A l’instar du Vaisseau Fantôme qui l’a précédé de quelques semaines, cet Eugène Onéguine est une reprise d’une production de Willy Decker. Et comme lui, il souffre d’une absence de vision et de pertinence dans la dramaturgie et la scénographie. On y retrouve la même donnée de base : un décor unique tendant à l’abstraction des surfaces, qui ne fait pas sens ici car il confond intérieurs et extérieurs dans un relâchement de la perception spatiale qui nuit à l’émotion – notamment à l’émotion intimiste de la scène de la lettre. On retrouve aussi une direction d’acteurs qui laisse beaucoup de place à l’académisme des poses et des réactions riches en tour de bras éplorés. A mille lieues de la production de Dmitri Tcherniakov présentée à Garnier en 2008, vraie leçon en regard de celle-ci où le principe du décor unique était judicieusement développé et où la direction d’acteurs, affûtée, gravait le drame à l’eau-forte… Ici, le seul moyen d’avoir un bel Eugène Onéguine malgré ce non-univers scénographique, c’est de le peupler d’interprètes de haut vol… et heureusement ce qui manquait au Vaisseau (en tout cas pour son protagoniste) se concrétise : un plateau remarquable – oublions la Larina de Nadine Denize, dont le médium est depuis longtemps un trou de voix blanche, et qui est la seule vraie question dans cette distribution.

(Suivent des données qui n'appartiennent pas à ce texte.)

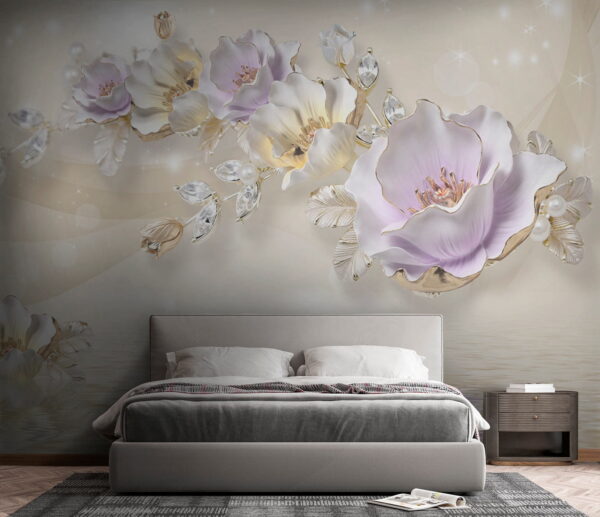 Flori delicate pe ape liniștite Flori delicate pe ape liniștite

Définitivement Tatiana, Olga Guryakova explore tous les frémissements de la jeune fille amoureuse, de l’absolu du don, radieux, et de cette mort du cœur quand le refus s’oppose. D’une voix épanouie, riche de nuances et de subtilités, elle captive de bout en bout, superbement entourée du reste. Alisa Kolosova est une Olga solide, beaux graves et beau duo avec sa sœur, mais une silhouette dramatique rendue assez futile par Willy Decker. Joseph Kaiser est un Lenski remarquable : on avait trouvé son Alceste racé à Aix cet été, il en impose de nouveau par un chant d’une élégance et d’une hauteur de style qui amènent à des émotions autrement plus fines et intérieures que certains ténors trop extravertis qui confondent cri et confidence. Son air avant le duel laisse dans la salle un silence de mort et de larme qui, au regard des us et coutumes bruitistes du public parisien, est un petit exploit. En ce soir du 5 octobre, Ludovic Tézier semblait en méforme : on l’a senti extrêmement prudent avec ses aigus pendant toute la soirée, jusqu’à une note finale lancée, craquée l’espace d’une milliseconde et joliment récupérée. Pas tout à fait aidé non plus par un costume peu seyant, ceci ne l’empêchait pas de délivrer une leçon de style, comme à son habitude, et de lyrisme aussi tant son timbre s’accorde aux élans intenses, maîtrisés d’abord puis délivrés à la fin, d’un Eugène opaque et ténébreux. Dans la fosse, Vasily Petrenko délivre un Tchaïkovski très subtil, parfois chambriste dans l’attention aux timbres, soigne des tempi exacts et sans concession autant qu’il soigne le chant et ses inflexions, avec une même grâce dans l’idée et le geste.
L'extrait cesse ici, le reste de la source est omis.